___ Given data ___
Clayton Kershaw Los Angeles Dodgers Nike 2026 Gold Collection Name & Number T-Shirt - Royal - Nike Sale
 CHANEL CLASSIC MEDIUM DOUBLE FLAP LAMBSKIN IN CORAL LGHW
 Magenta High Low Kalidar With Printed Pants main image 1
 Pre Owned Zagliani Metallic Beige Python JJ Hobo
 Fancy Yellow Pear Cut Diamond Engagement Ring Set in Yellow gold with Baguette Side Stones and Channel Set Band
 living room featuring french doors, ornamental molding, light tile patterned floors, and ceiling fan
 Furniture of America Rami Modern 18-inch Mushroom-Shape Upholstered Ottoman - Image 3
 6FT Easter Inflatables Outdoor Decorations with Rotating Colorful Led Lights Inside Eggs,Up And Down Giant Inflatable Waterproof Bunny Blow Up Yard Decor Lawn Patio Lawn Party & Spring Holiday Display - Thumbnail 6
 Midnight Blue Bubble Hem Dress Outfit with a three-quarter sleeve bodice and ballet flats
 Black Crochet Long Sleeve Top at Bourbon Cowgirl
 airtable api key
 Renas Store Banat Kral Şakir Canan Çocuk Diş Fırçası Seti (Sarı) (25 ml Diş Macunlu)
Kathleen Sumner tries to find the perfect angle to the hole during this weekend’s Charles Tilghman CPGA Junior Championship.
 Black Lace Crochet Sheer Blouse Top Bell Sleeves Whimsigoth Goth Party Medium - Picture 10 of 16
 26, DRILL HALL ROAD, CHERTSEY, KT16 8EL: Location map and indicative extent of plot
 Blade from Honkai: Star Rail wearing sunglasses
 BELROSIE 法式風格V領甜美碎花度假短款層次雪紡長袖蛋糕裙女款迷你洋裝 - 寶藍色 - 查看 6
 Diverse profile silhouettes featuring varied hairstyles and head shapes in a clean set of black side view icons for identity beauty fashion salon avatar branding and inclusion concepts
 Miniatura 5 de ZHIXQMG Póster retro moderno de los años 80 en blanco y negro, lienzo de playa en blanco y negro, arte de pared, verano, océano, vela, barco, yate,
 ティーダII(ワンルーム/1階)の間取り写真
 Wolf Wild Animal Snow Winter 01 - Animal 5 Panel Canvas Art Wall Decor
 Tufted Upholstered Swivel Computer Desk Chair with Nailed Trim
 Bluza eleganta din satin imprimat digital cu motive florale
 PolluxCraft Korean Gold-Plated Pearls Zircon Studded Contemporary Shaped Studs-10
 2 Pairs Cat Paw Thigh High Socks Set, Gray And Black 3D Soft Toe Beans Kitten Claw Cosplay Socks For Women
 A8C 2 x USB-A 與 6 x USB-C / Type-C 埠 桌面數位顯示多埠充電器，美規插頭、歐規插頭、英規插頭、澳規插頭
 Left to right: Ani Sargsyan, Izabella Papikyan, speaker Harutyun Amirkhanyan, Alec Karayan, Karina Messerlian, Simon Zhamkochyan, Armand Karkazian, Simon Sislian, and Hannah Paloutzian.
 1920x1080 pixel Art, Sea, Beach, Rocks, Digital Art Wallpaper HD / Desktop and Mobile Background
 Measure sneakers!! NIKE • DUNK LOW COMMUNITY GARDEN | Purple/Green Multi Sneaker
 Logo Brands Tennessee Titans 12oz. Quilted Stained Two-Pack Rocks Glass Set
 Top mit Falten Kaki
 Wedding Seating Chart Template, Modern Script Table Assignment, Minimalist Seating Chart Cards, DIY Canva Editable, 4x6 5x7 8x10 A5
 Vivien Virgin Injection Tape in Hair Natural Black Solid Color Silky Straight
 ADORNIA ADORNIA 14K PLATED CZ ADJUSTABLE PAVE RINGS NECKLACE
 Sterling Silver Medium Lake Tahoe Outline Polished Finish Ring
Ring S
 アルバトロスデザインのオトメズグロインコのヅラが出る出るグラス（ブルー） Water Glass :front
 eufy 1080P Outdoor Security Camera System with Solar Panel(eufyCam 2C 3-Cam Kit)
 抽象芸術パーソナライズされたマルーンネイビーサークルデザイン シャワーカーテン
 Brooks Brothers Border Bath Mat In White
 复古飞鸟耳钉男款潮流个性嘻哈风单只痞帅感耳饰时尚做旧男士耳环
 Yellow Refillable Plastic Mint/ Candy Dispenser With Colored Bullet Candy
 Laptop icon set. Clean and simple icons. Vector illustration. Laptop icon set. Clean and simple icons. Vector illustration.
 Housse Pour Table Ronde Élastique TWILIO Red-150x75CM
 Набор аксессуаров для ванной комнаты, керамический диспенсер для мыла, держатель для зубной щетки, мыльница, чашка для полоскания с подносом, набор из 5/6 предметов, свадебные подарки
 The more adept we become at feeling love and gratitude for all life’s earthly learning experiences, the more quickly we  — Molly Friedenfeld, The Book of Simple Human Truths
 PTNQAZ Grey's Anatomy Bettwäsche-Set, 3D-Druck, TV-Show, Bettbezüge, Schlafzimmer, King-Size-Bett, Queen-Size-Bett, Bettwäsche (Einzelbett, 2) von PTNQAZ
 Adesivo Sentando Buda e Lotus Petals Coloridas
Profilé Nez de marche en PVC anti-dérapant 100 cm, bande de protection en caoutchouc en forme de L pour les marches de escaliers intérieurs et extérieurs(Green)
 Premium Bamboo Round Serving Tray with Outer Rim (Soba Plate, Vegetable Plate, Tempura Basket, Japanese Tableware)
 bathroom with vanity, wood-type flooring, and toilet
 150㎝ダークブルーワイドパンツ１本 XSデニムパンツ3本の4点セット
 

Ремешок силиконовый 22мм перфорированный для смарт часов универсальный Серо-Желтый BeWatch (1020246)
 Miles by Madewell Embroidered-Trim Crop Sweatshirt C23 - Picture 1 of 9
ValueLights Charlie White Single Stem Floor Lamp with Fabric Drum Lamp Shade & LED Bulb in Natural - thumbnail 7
___
> [The problem]: One number is the expected answer: the count of lines above that hold the word "Yellow".

> [Your solution]: 2